▸ Task statement: Without the pictures, write out every entry that follows exactly.

▸ Given records:
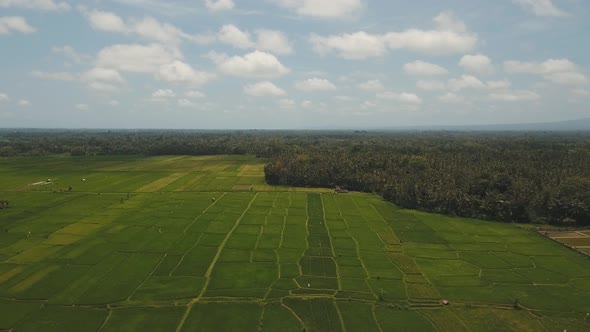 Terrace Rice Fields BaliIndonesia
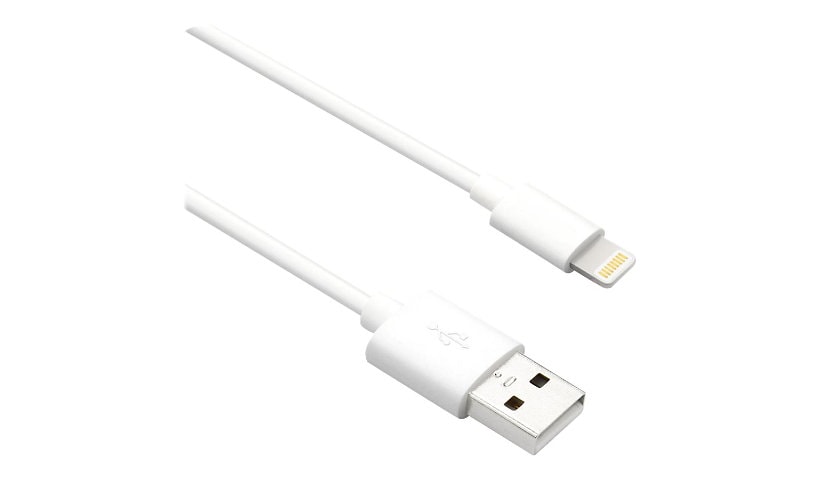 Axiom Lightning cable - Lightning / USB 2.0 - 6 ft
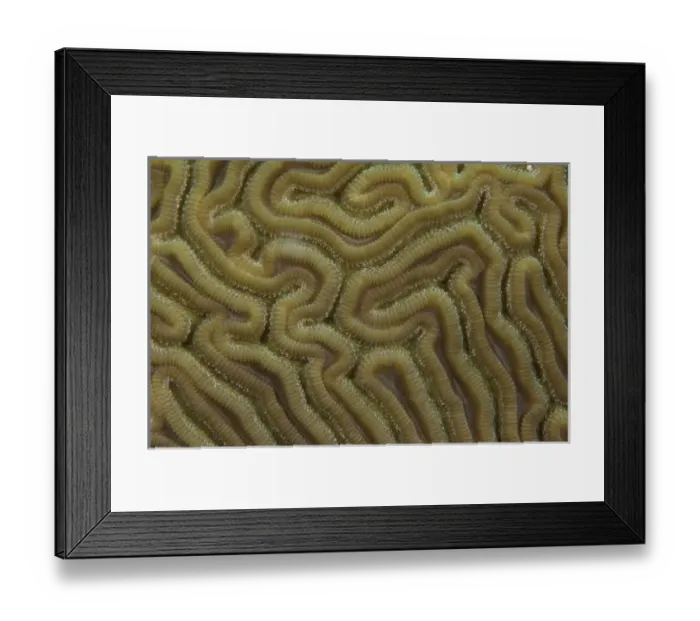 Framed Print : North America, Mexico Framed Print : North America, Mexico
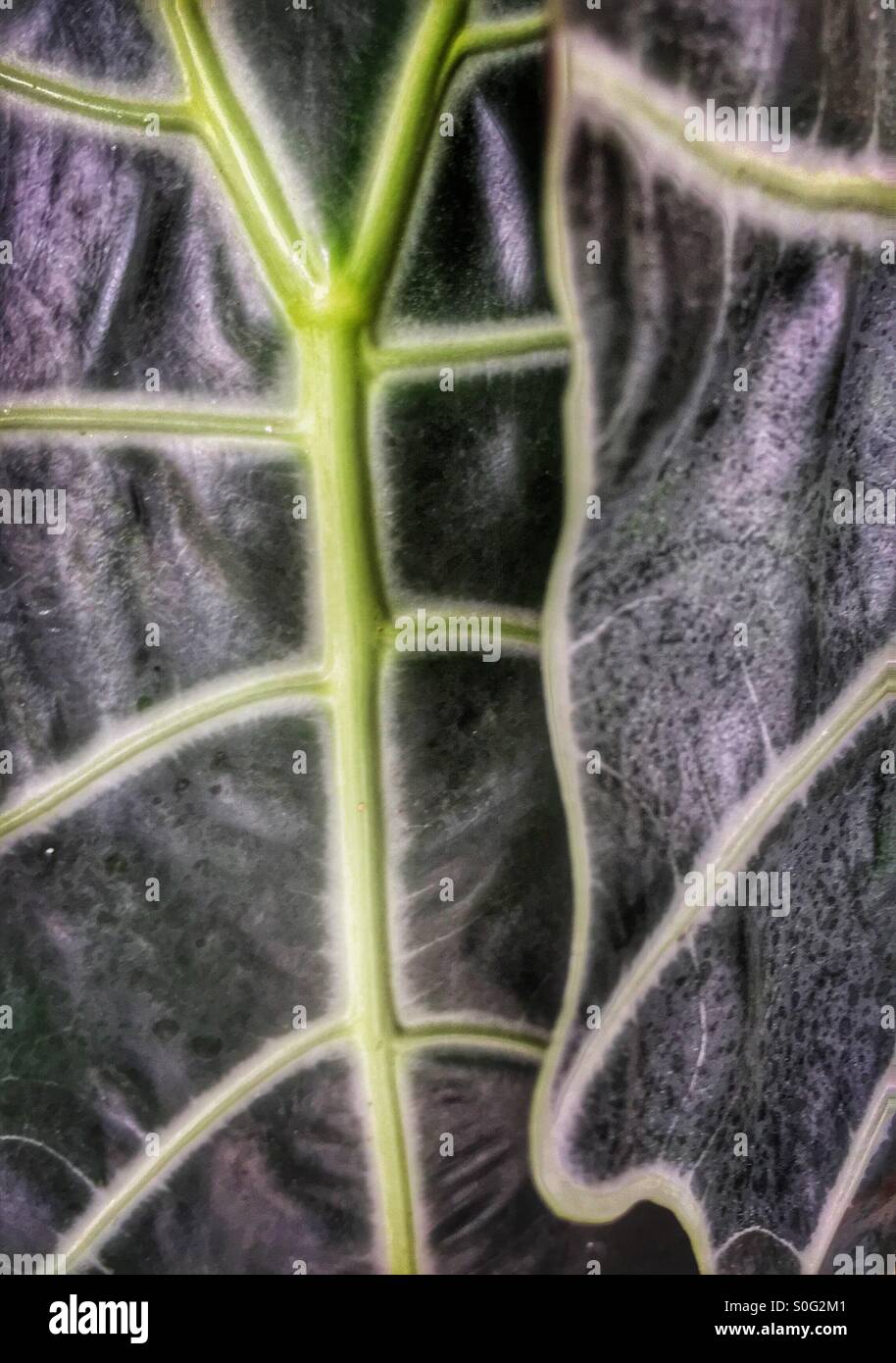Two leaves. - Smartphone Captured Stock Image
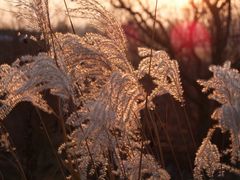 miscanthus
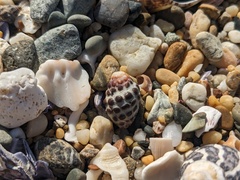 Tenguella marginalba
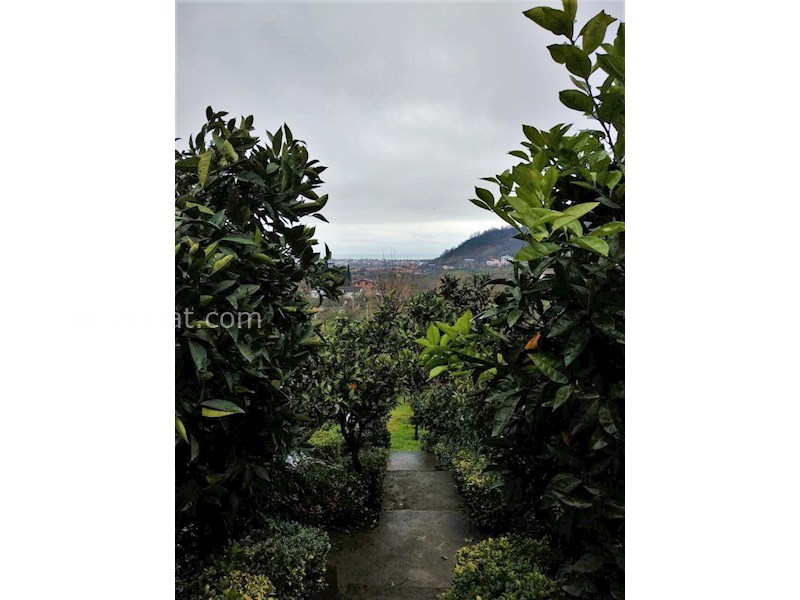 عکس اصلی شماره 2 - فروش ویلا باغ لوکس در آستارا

▸ Reply to the task:
 Terrace Rice Fields BaliIndonesia
 Axiom Lightning cable - Lightning / USB 2.0 - 6 ft
 Framed Print : North America, Mexico Framed Print : North America, Mexico
Two leaves. - Smartphone Captured Stock Image
 miscanthus
 Tenguella marginalba
 عکس اصلی شماره 2 - فروش ویلا باغ لوکس در آستارا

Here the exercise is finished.